Ich bin seit über dreieinhalb Jahren als Geschäftsleiterin tätig. Mich von Gott führen zu lassen, war die beste Entscheidung, die ich treffen konnte. Zu Beginn dachte ich, Gott mache Witze, mich in diese Arbeit zu schicken. Ich war 20 Jahre lang in der Altersarbeit und in der Beratung tätig. Mein Plan war es, mit meiner Managementausbildung eine gediegene Seniorenresidenz in elegantem Ambiente zu führen. Bei uns im HOPE sind die Räumlichkeiten eng, und ich musste mir von meinen Mitarbeitern erst erklären lassen, wie Drogen konsumiert werden, damit ich überhaupt erkennen konnte, ob jemand konsumiert oder nicht. Ich hatte nur wenig Berührungspunkte mit unserer Zielgruppe, aber ich habe schon immer eine tiefe Liebe für Menschen empfunden, die traumatisiert sind. Ich bin auf diese Aufgabe in vielerlei Hinsicht vorbereitet worden. Dennoch erforderte es von mir eine Herzens-Entscheidung und eine tiefe Hingabe für diesen Dienst. Es hat mich einiges gekostet, und mein persönliches Umfeld musste in den letzten Jahren oft auf mich verzichten. Dennoch kann ich jeden ermutigen, dem Ruf zu folgen und sich ganz einem Dienst hinzugeben, den Gott bestimmt hat. Ich erlebe, dass in dieser Hingabe für etwas Grösseres ein riesiger Segen liegt. Gott ist treu und schenkt uns alles, was wir brauchen, und darüber hinaus noch viel mehr auf eine Weise, die mich immer wieder überrascht und tief berührt.
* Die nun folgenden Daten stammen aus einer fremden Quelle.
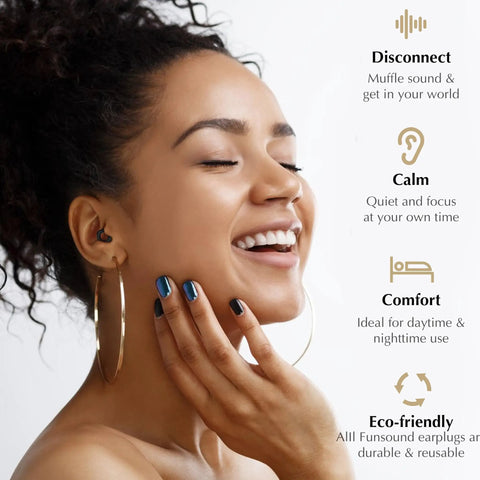 Woman using Ultra Soft Sleep Ear Plugs For Quiet Nights And Restful Sleep Reusable Noise Reduction Ear Plugs With Comfortable Fit For Light Sleepers On The Go And At Home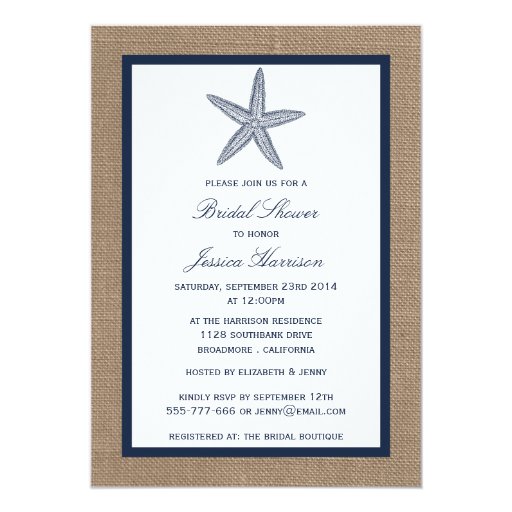 Navy Starfish Beach Burlap Bridal Shower 5x7 Paper Invitation Card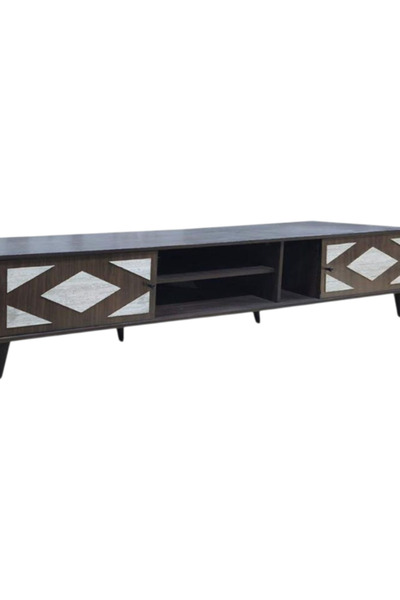 Bec4 Large plasma TV stand (200 cm) - integrated storage unit and geometric pattern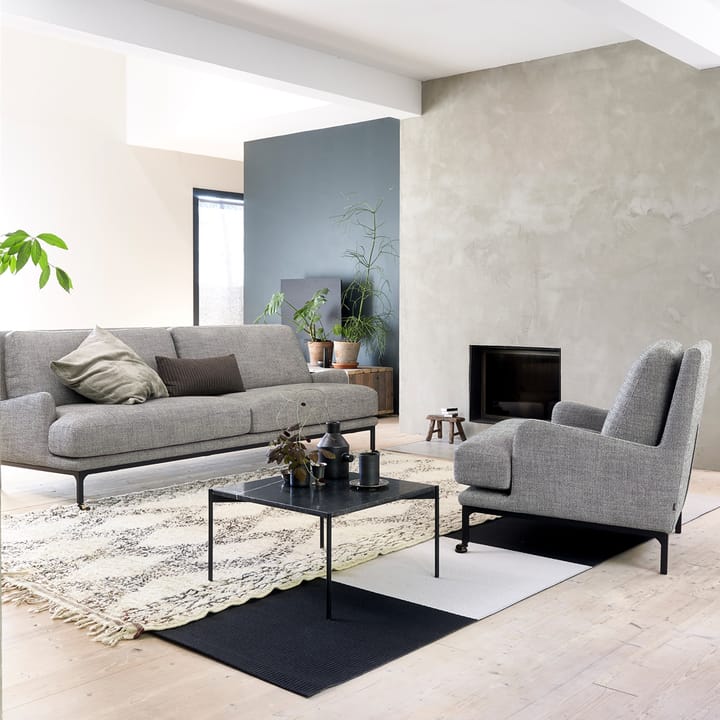 Plateau soffbord - marmor brun, svart underrede, 90x90 - Adea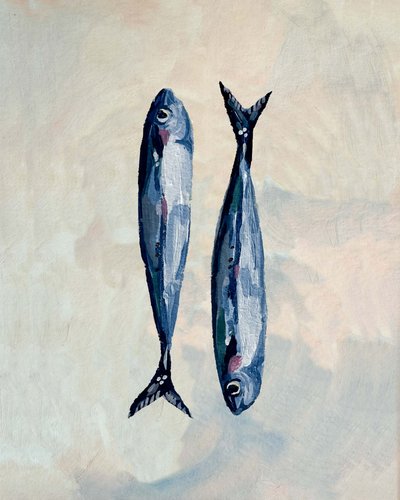Sardientjes in blauw door Madison Phipps
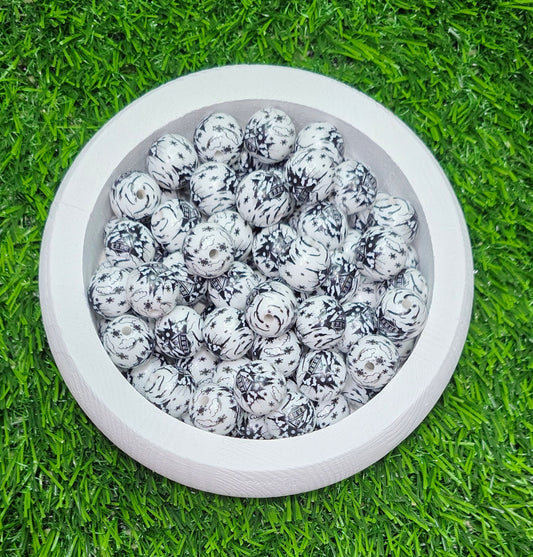 Christmas cottage printed acrylic beads 16mm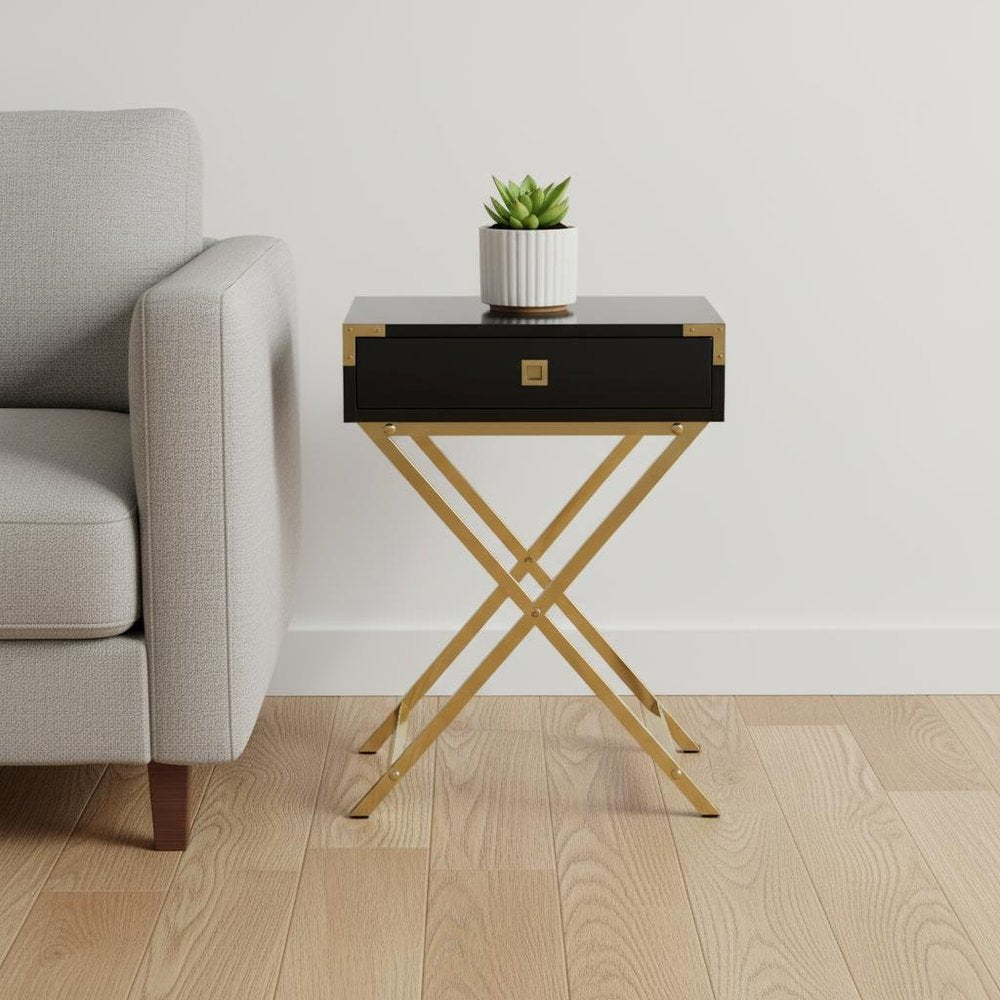 24" Silver And Deep Taupe Wood And Metal End Table With Drawer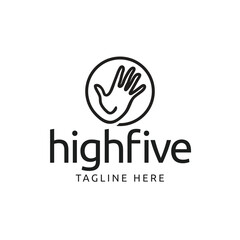 Obraz premium high five hand minimalist logo vector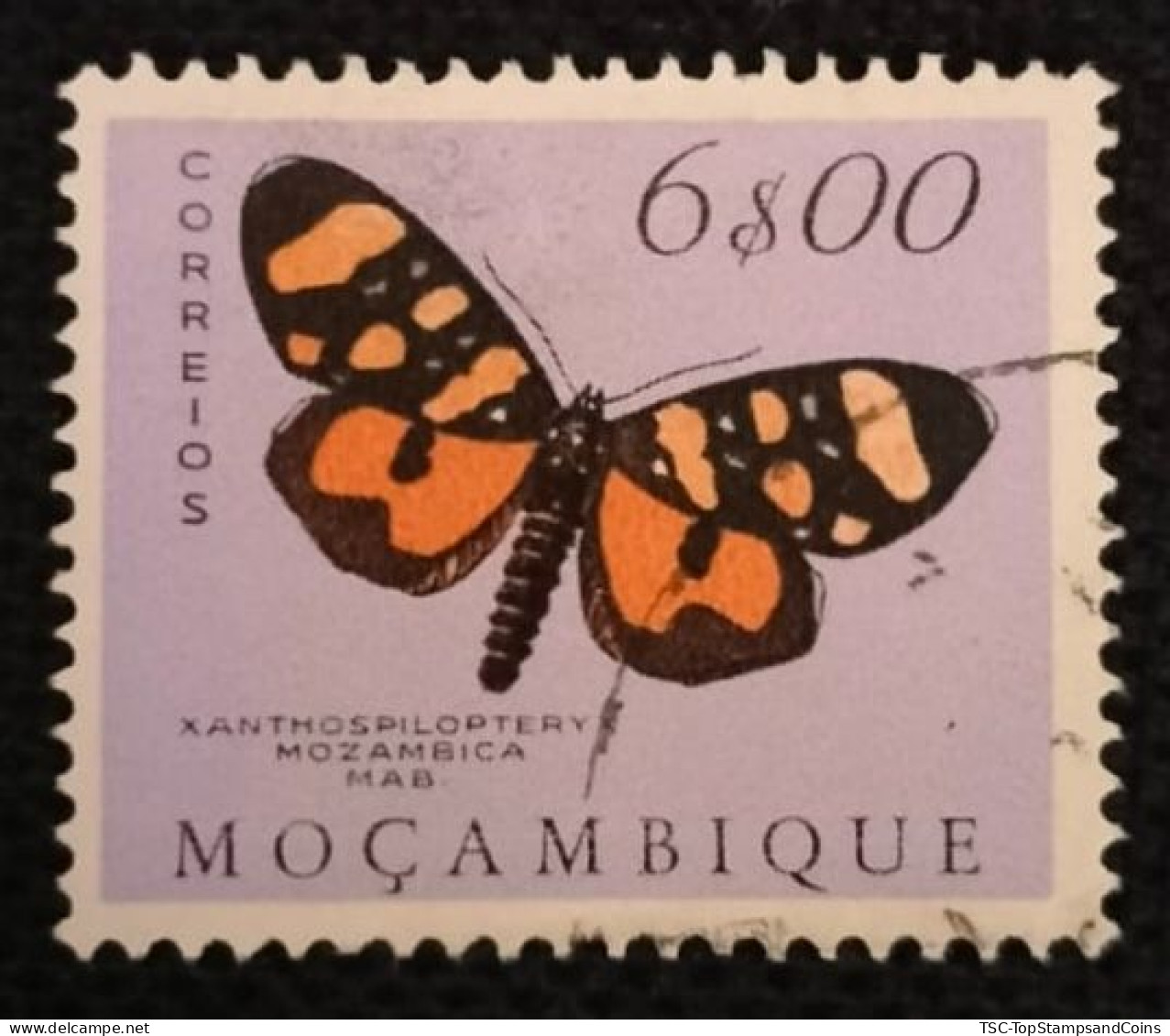 MOZPO0404UC - Mozambique Butterflies - 6$00 Used Stamp - Mozambique - 1953 - Mozambique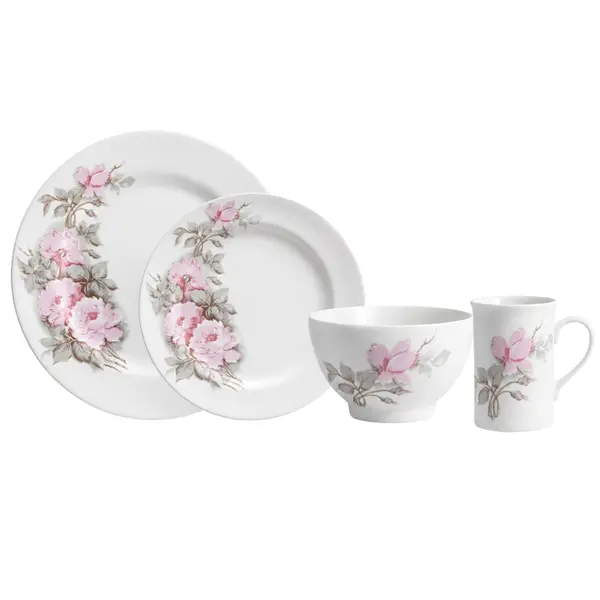 Aparelho com Bowl e Caneca 16 Peças Porcelana Schmidt - Dec. Maresias 2405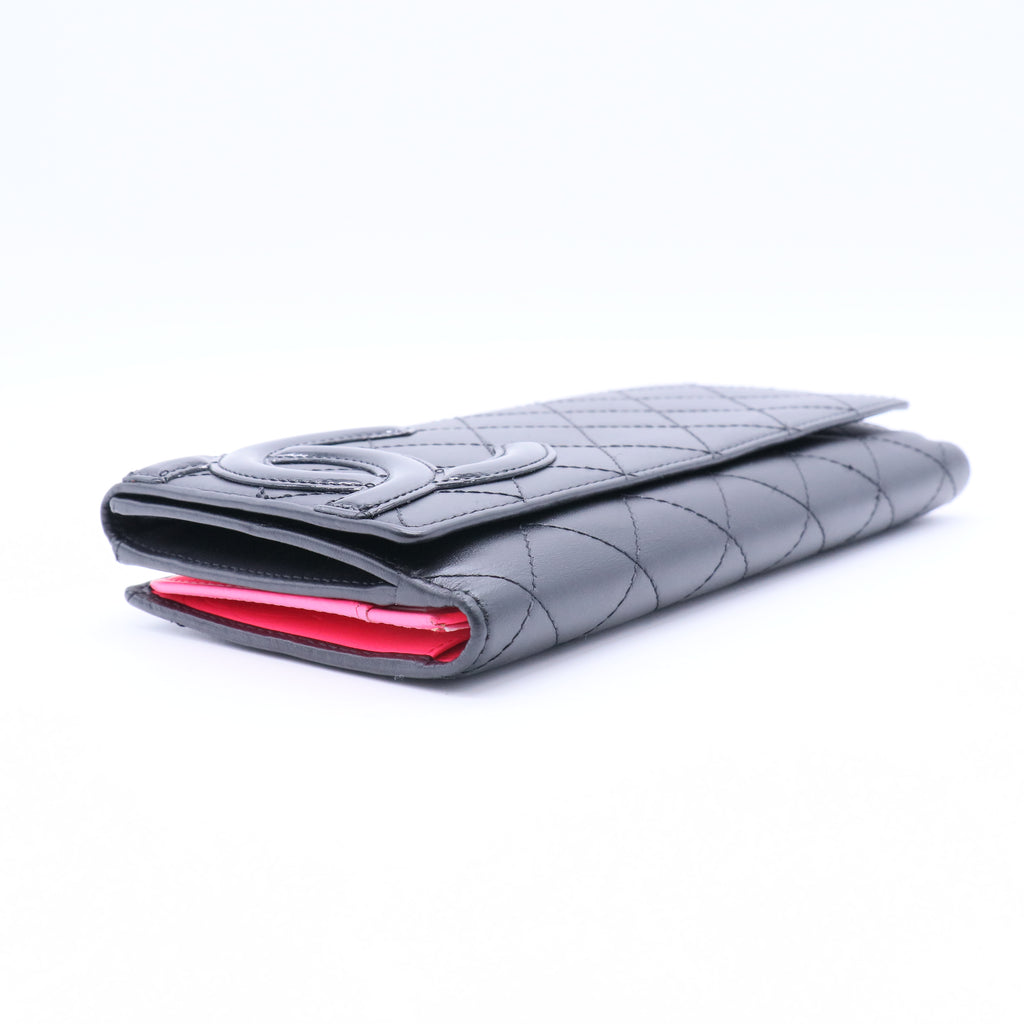 Cambon Line Bi-fold Long Wallet Black Pink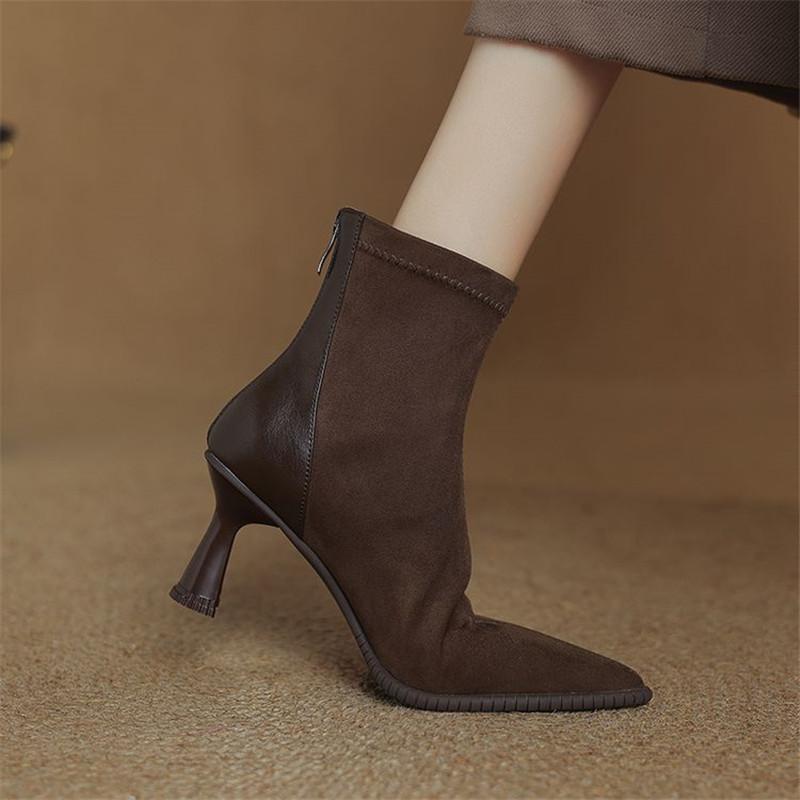 Fashion New Autumn Winter Women Boot Shoes for Women Pointed Toe Short Boots Fashion Boots Handmade High Heels Elastic Slimming Boots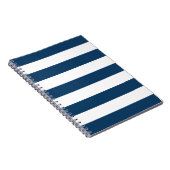 Marineblauwe strepen, witte strepen, gestreept pat notitieboek (Rechterzijde)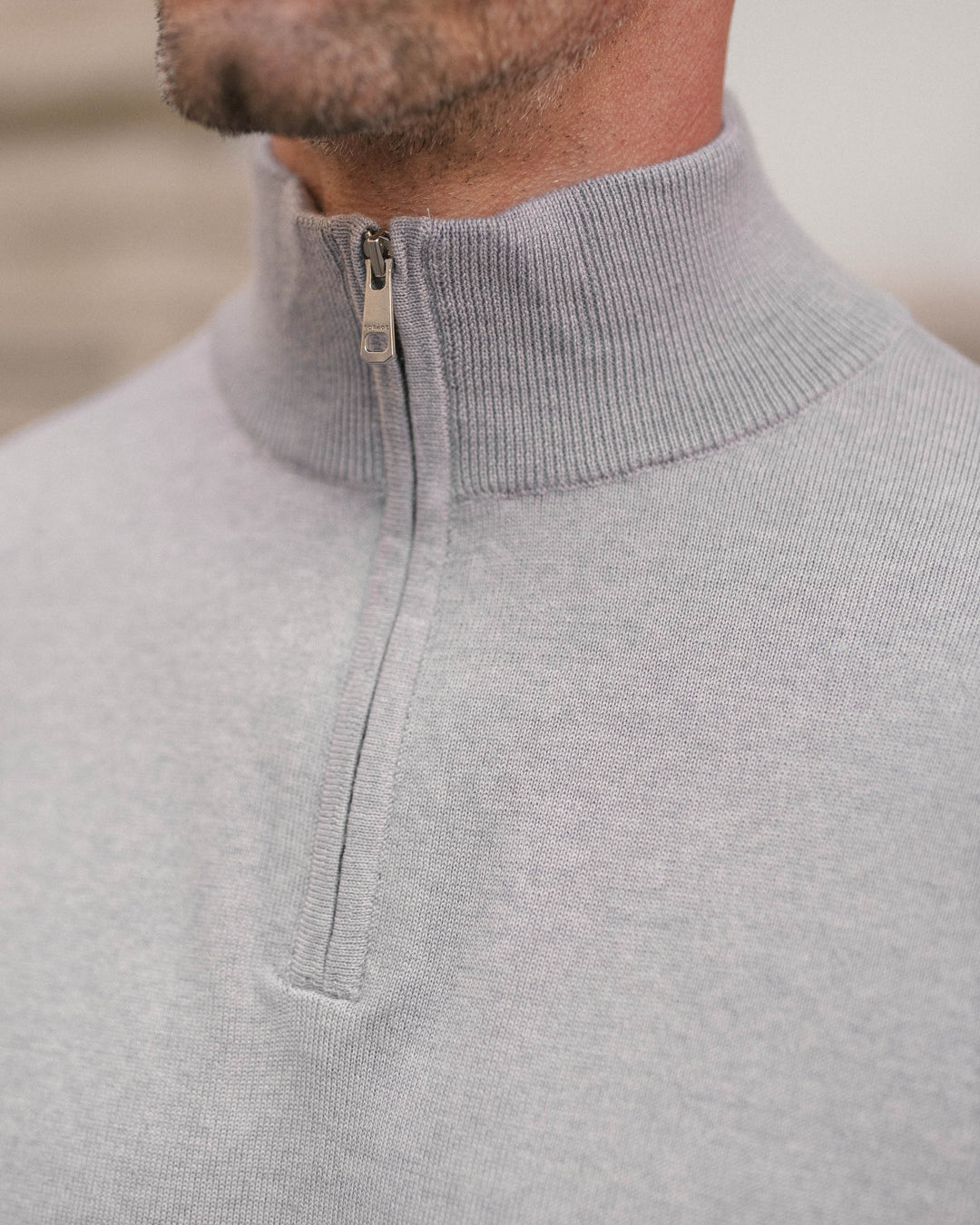 Light Gray Merino Half-Zip Sweater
Denn auch im Dienen ist es wichtig, dass wir Bedürftige und Bediente sind und unseren Liebes- und Energietank füllen lassen.
Dienend führen
Obwohl ich jetzt Chefin bin, habe ich festgestellt, dass es noch mehr ums Dienen geht als vor vielen Jahren im Nachtdienst als Pflegehilfe. Damals war ich ganz unten in der Hierarchie, aber das Prinzip des gegenseitigen Unterordnens und der gegenseitigen Wertschätzung, wie es in Philipper 2,3 beschrieben wird, gilt in der Führung umso mehr. So wie Jesus die Füsse Seiner Diener gewaschen hat, sollen auch wir mit genau dieser Haltung einander dienen. Es ist wichtig, dass wir unsere Identität und unseren Wert nicht von der geleisteten Aufgabe ableiten. Wie im Gleichnis von den Arbeitern im Weinberg in Matthäus 20,1–16 sollen wir uns allein darauf konzentrieren, dass der Weinberg-Besitzer gütig ist und für alle einen Platz hat, unabhängig von Äusserlichkeiten, und Ihm nacheifern.
Es ist wichtig, dass wir unsere Identität und unseren Wert nicht von der geleisteten Aufgabe ableiten.
Mein Wunsch ist, dass unser ganzes Team immer mehr nach dem Herzen Gottes leben darf und dass wir wie unsere Vorgänger weiterhin vielen Menschen mit unserem Dienst neue Hoffnung schenken können.